[Collected data entries]
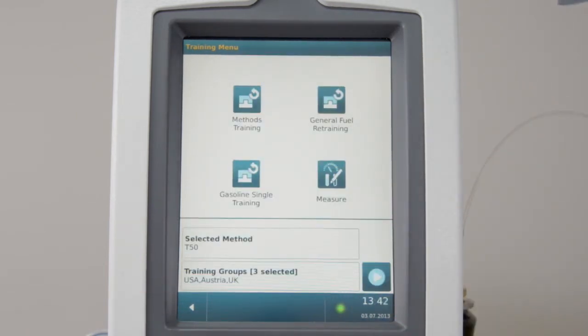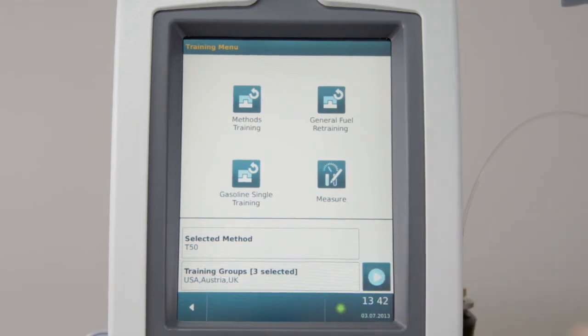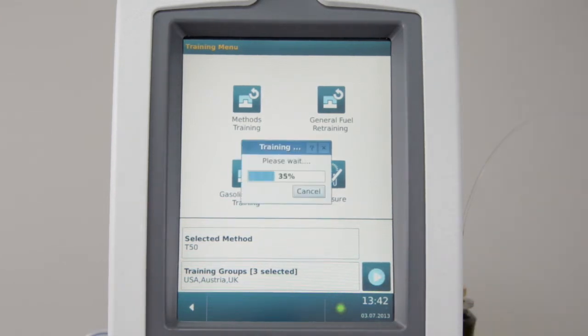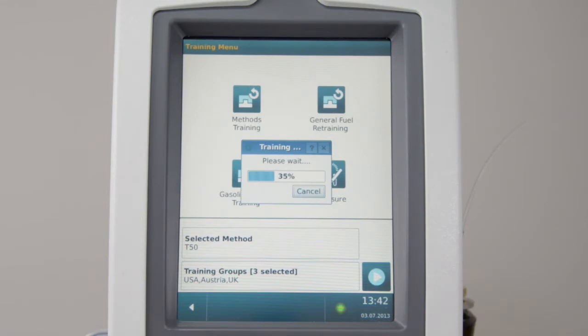Then, start the training procedure. If you want to add your fuel group to another predicted method, please repeat the single training for this method.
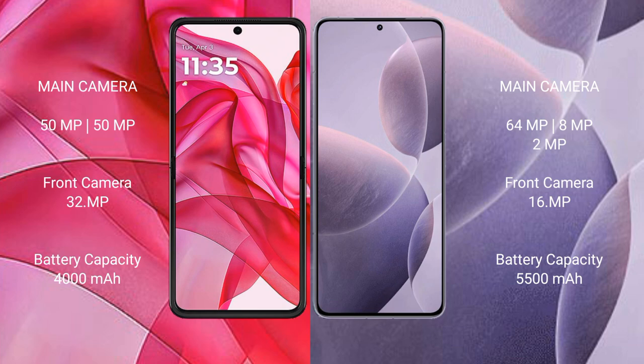Motorola Razr 50 Ultra has a 4000mAh battery with 45W fast charging support. Redmi K70E has a 5500mAh battery with 90W fast charging support.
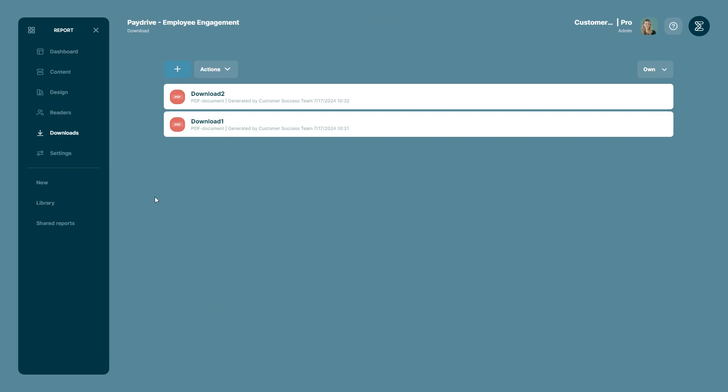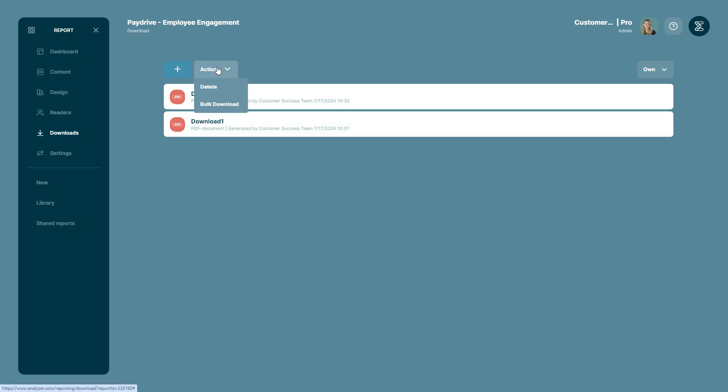To do so, all you have to do is go into a report and click the download section on the left side menu, then you go into the actions menu and select bulk download.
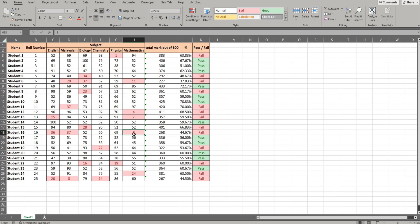If you are using the lookup function, you can use the lookup function. You can also create a nice dashboard. Okay then guys, thank you very much.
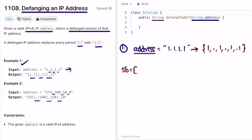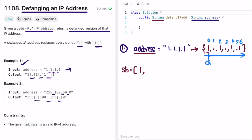We iterate through the character array from left to right. The character 'ch' starts at index 0. If ch is equal to a character other than a period, we directly append that character into the StringBuilder and move ch forward. When ch points to a period, we append the replacement string '[.]' into the StringBuilder instead.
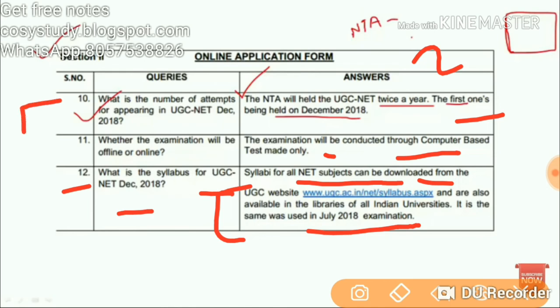This was the query about NTA NET. Good luck for exams — prepare well and definitely you will clear it. Bye, take care, see you in the next video.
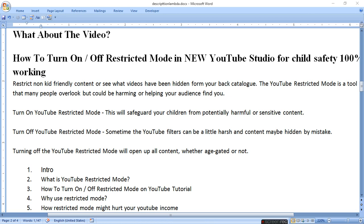بہت سے لوگ restricted mode نہیں جانتے اور اس کا use نہیں کرتے، جب کہ اس کے بہت سے benefits اور losses بھی ہیں۔ اور کیسے turn on کرتے ہیں restricted mode کو تاکہ harmful sensitive content آپ کے بچے نہ دیکھ پائیں، اور کیسے turn off کرتے ہیں restricted mode کو تاکہ آپ اپنے سارے ویڈیوز کو YouTube پر hidden ہونے سے بچا سکیں۔ Turning off YouTube restricted mode will open up all content, whether age-gated or not، کیونکہ 18 سال سے نیچے کے بچوں کے لیے restricted mode on کرنا پڑے گا۔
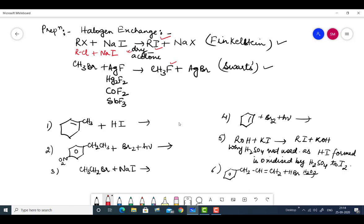Similarly, to introduce a fluoride group, several reagents can be used: AgF, Hg2F2, CoF2 (cobalt difluoride), or SbF3 (antimony trifluoride). You should not be confused — all of these are fluorinating agents that help introduce fluoride. This method is called the Swartz reaction.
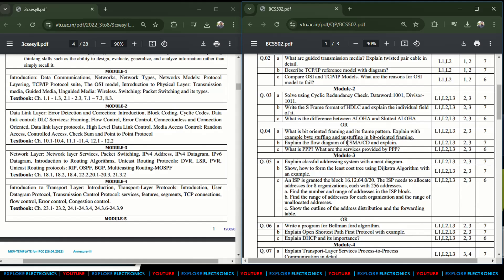The flow diagram of CSMA/CD is asked — CSMA/CD is a very important topic, repeatedly asked in Computer Networks. Also asked: what is PPP and what are the services provided by PPP? This is from Module 2. In Module 2, block coding, cyclic codes, framing, flow control, and error control are concepts repeatedly asked in exams.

What is being asked: Return only the stretch above from the line containing "This was the" through the line containing "بہت سے لوگ restricted", word for word and without pictures.

Response for this exercise:
This was the query about NTA NET. Good luck for exams — prepare well and definitely you will clear it. Bye, take care, see you in the next video.
بہت سے لوگ restricted mode نہیں جانتے اور اس کا use نہیں کرتے، جب کہ اس کے بہت سے benefits اور losses بھی ہیں۔ اور کیسے turn on کرتے ہیں restricted mode کو تاکہ harmful sensitive content آپ کے بچے نہ دیکھ پائیں، اور کیسے turn off کرتے ہیں restricted mode کو تاکہ آپ اپنے سارے ویڈیوز کو YouTube پر hidden ہونے سے بچا سکیں۔ Turning off YouTube restricted mode will open up all content, whether age-gated or not، کیونکہ 18 سال سے نیچے کے بچوں کے لیے restricted mode on کرنا پڑے گا۔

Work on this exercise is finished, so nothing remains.